22 October 1999, Volume
3, Number
41
Montenegro On The Threshold Of Independence? The people of the rugged, mountainous republic of Montenegro have long been known as jealous guardians of their freedom and independence. Their history has, however, also been characterized by their reluctance to settle once and for all a fundamental question of their national identity: are they a distinct nation, or a very special branch of the Serbian people?
That question has recently emerged anew. In the wake of Serbia's military defeats, international isolation, and ever deepening economic and political malaise, an increasing number of Montenegrins are rethinking their relations with Belgrade. A large number of Montenegrins want to stay with Serbia regardless. But at least a narrow majority do not want to stay locked into a relationship that is dragging Montenegro down.
President Milo Djukanovic, who had previously supported Slobodan Milosevic, best represents this shift in Montenegrin thinking. He has argued that Montenegro's interests will best be served by remaining united with Serbia, but only in a loose and democratic confederation. If Serbia remains undemocratic and refuses to negotiate seriously with Montenegro, then, he argues, it is time for his republic to "think of its own interests."
Whether as part of a joint state with Serbia or on its own, Djukanovic and his supporters want Montenegro to have democracy, a market economy, and close ties to the outside world. They have sought the support of democrats in Europe and beyond. (Patrick Moore)

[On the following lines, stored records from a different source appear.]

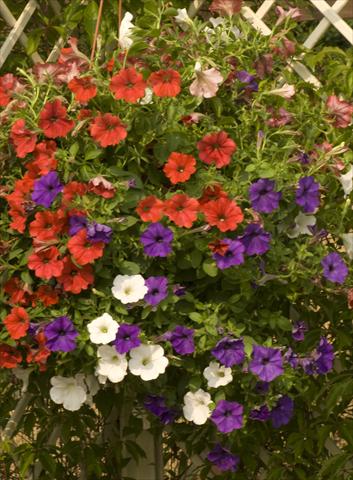 photo of flower to be used as: Pot, bedding, patio, basket Petunia Sunpleasure Mix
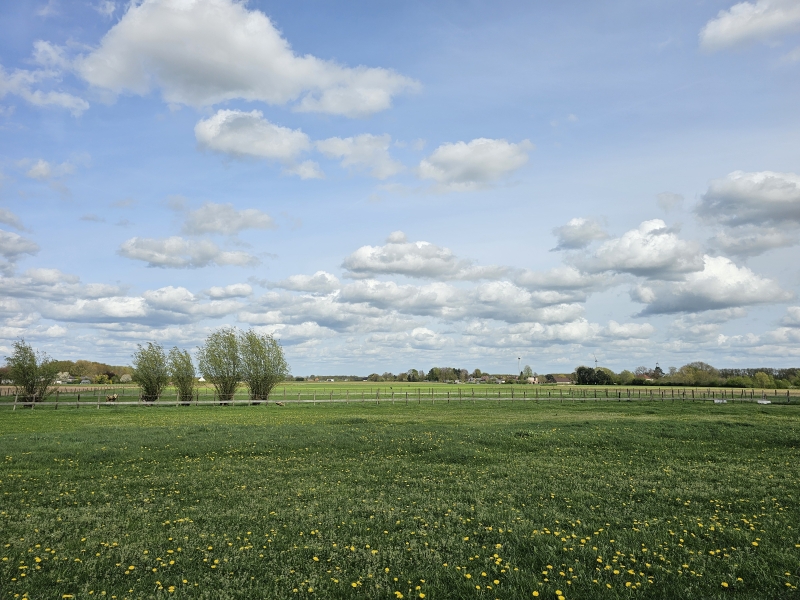 Wandelen in Merelbeke met hond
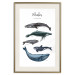 Wall Poster Whales - marine animals with Latin inscriptions on a white background 126867 additionalThumb 20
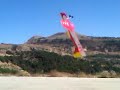 vison 3D hovering Gaby Korkomaz Lebanon.3GP - foto 3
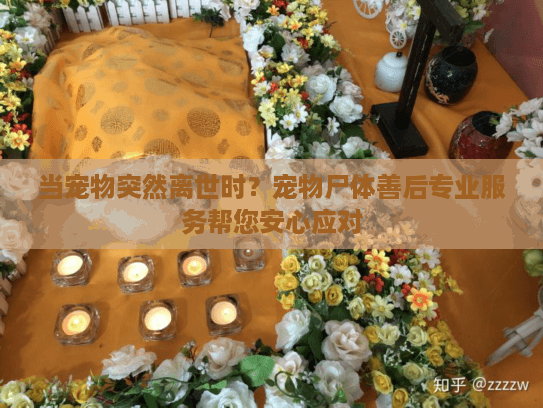 当宠物突然离世时?宠物尸体善后专业服务帮您安心应对 当宠物突然离世时?宠物尸体善后专业服务帮您安心应对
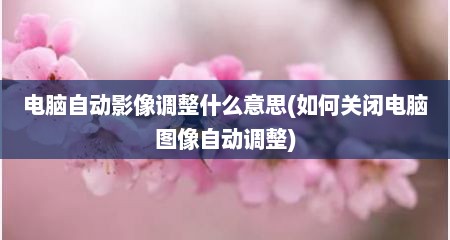 电脑自动影像调整什么意思(如何关闭电脑图像自动调整)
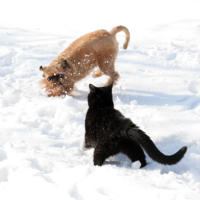 игра в снежки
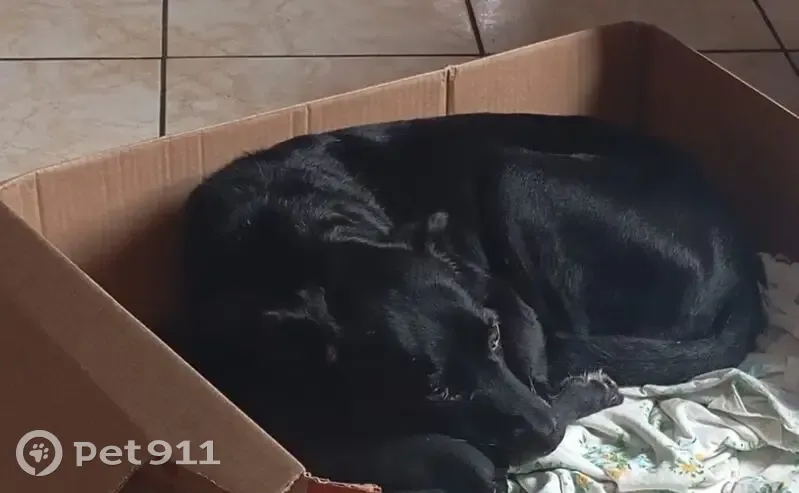 Cachorro perdido Fêmea (brl002550) - photo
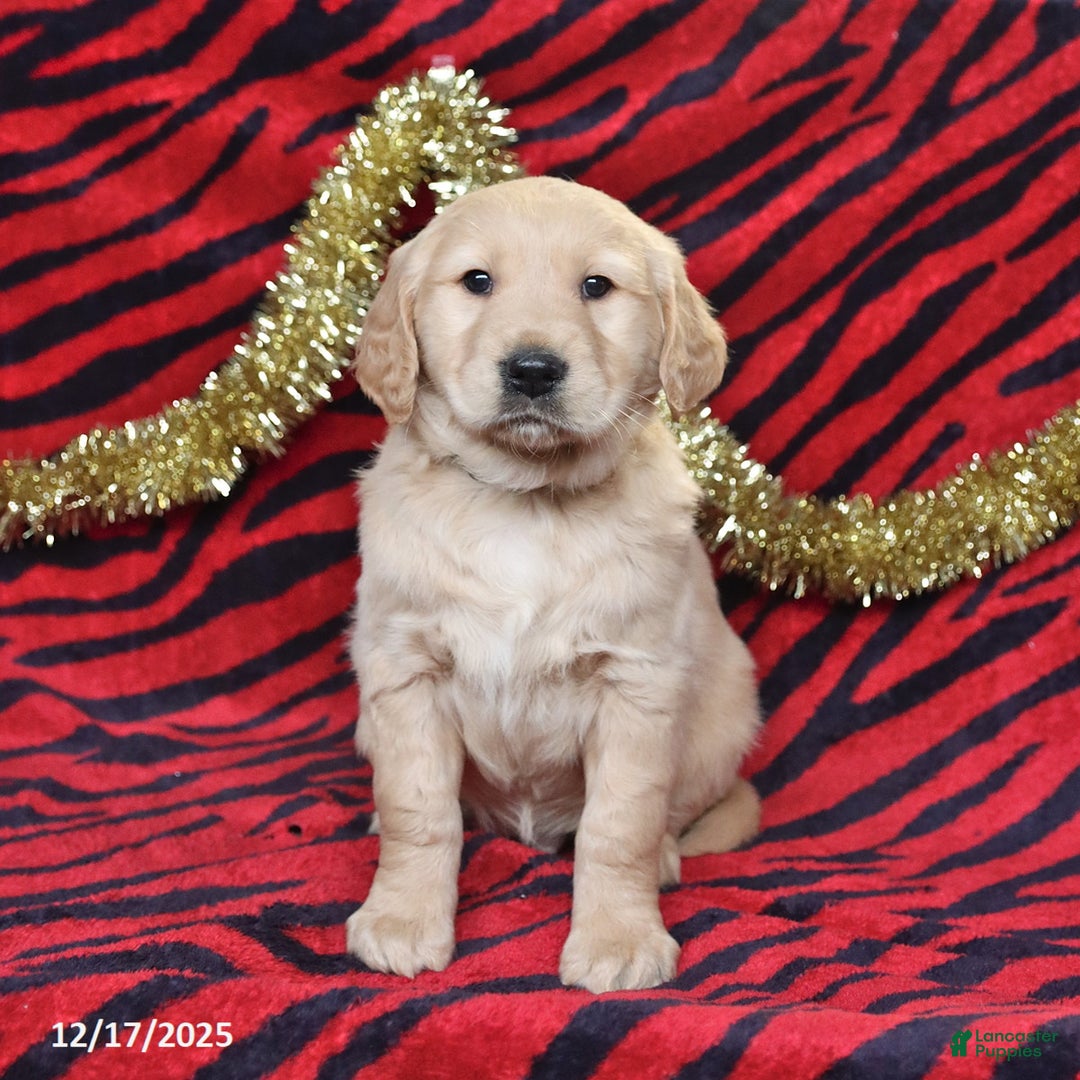 Golden Retriever dogs for sale: Rascal - Ad 1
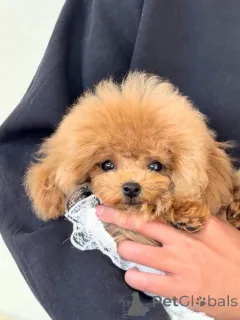 Фото №3. Женский пудель.  Германия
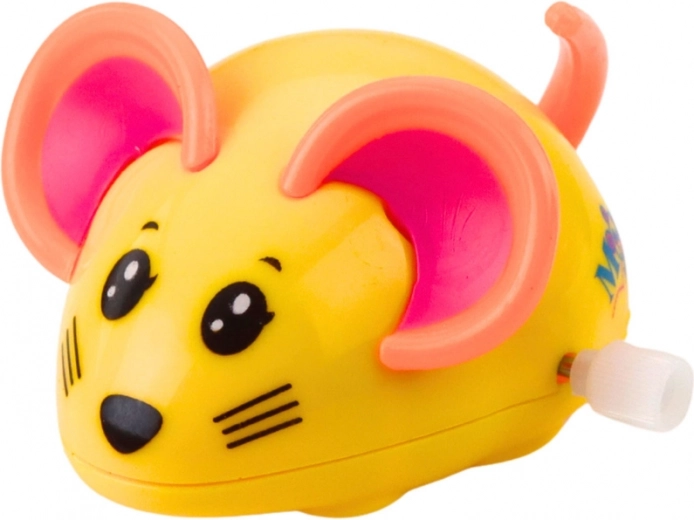 Wesoły mix kolorów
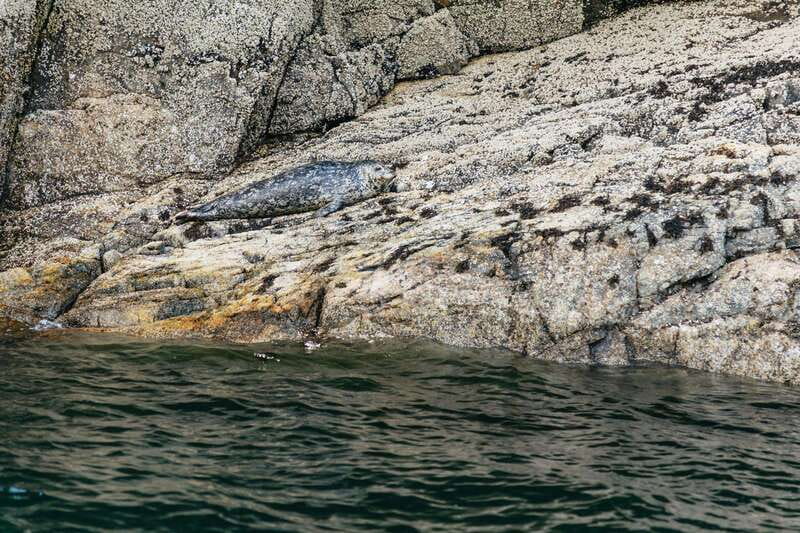 Vancouver: Indian Arm and Granite Falls Zodiac Boat Tour - Stanley Park and Siwash Rock from the water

Djukanovic Counts On The 'Critical Mass.' President Djukanovic visited RFE/RL in Prague on 20 October. He stressed that a "critical mass" for change has built up in Montenegro in recent months. People want to press ahead with democratization and market reforms, even if this means leaving the Federal Republic of Yugoslavia. Those who feel this way are not romantic old nationalists, but primarily impatient young people, he added.
There are many Montenegrins who deeply want to remain united with Serbia come what may. But Djukanovic feels that Yugoslav President Slobodan Milosevic will not be able to manipulate these people as easily as he did the Serbs of Croatia, Bosnia-Herzegovina, and Kosovo starting over a decade ago. The Montenegrin leader cited three reasons for his confidence. First, pro-Serb Montenegrins know that Milosevic ultimately deserted his supporters in those three areas and left them dead or as refugees. Second, democratic forces in Montenegro are too strong for Milosevic to do as he pleases there. And third, the international community has tens of thousands of troops stationed in the western Balkans and will not easily let Milosevic start a new war, Djukanovic continued.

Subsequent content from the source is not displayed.